Remove all markers failing QC
To remove poor SNPs from further analysis and create a new clean (QC’D) MD data file, at the Unix prompt type:
plink --bfile clean.MD --exclude fail-diffmiss-qc.txt --maf 0.01 --geno 0.05 --hwe 0.00001 --make-bed --out clean.final.MD
In addition to markers failing previous QC steps, those with a MAF < 0.01, missing rate > 0.05 and a HWE P-value < 0.00001 (in controls) are also removed.
Question
How many variants and individuals pass filters and QC for your GWAS?
Perform a GWAS on your QC’d dataset
To run a basic case/control association test, at the unix prompt type:
plink --bfile clean.final.MD --assoc --ci 0.95 --adjust --allow-no-sex --out final.MD.assoc
Your association output file will contain 12 columns:
- CHR - Chromosome
- SNP - SNP ID
- BP - Physical position (base-pair)
- A1 - Minor allele name (based on whole sample)
- F_A - Frequency of this allele in cases
- F_U - Frequency of this allele in controls
- A2 - Major allele name
- CHISQ - Basic allelic test chi-square (1df)
- P - Asymptotic p-value for this test
- OR - Estimated odds ratio (for A1, i.e. A2 is reference)
- L95 - Lower bound of 95% confidence interval for odds ratio
- U95 - Upper bound of 95% confidence interval for odds ratio
To visualise your data:
Generate a Quantile-Quantile (QQ) plot of your p-values to look at the distribution of P-values and assess whether genomic inflation is present (lambda>1) (this can also be found in your assoc. log file).
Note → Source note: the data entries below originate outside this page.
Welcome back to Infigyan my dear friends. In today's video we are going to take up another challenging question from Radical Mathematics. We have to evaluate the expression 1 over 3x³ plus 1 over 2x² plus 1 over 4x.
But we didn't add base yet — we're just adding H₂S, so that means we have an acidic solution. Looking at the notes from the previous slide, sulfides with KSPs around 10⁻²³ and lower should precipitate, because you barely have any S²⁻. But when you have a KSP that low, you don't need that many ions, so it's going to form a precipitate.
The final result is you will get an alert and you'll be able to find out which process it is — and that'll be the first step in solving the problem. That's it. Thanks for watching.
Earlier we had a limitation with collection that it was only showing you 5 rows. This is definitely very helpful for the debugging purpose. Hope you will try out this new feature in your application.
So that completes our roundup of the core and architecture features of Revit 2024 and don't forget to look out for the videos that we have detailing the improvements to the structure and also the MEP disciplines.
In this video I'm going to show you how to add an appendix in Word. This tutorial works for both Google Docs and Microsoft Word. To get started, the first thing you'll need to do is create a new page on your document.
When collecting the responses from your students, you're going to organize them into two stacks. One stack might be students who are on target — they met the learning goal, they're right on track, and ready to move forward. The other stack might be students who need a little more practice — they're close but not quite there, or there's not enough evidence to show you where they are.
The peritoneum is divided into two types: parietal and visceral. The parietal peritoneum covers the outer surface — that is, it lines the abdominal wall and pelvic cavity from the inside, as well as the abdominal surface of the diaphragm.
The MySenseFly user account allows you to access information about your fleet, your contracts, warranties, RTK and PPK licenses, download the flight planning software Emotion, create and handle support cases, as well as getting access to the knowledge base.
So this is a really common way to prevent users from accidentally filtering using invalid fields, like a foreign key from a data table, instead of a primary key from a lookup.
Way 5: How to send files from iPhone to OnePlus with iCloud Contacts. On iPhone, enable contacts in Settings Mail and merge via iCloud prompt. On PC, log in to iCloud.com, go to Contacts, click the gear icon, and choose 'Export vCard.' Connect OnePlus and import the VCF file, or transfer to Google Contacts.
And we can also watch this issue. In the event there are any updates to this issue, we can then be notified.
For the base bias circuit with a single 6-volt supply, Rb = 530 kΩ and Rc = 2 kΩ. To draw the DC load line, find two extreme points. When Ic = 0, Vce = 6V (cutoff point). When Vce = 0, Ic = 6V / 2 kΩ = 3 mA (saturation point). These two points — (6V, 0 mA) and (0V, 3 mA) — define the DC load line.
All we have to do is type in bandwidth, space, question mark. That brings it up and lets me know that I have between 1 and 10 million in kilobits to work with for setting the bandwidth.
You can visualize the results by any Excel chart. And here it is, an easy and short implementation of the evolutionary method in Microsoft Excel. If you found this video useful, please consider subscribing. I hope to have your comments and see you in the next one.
Generate a manhattan plot to visualise where your association signals lie across the chromosomes. Type:
R CMD BATCH GWAS_plots.R
This generates both plots: final.MD.assoc_qq.png and final.MD.assoc_mhplot.png
Question
What do the plots tell you?
Let’s zoom into a region of interest: the tower of SNPs on CHR1 (coloured in yellow). This the Complement Factor H (CFH) region known to be associated with Meningococcal disease. The previous Rscript in 8.2.2 above also generated the chr1_CFH_region.txt file.
- Open the locuszoom webpage: http://locuszoom.org/genform.php?type=yourdata
- Upload the text file (final.MD.assoc.assoc.adjusted)
- Set The P-Value column name to be "GC"
- Change the Column Delimiter to "Whitespace"
- Set the Marker column name to be "SNP"
- In the region section, enter the most associated snp (“rs1065489”) with a flanking size of 500KB
- In the Genome Build/LD Population field select the appropriate hg19 european ref panel.
- Then press "Plot Data" to generate your plot.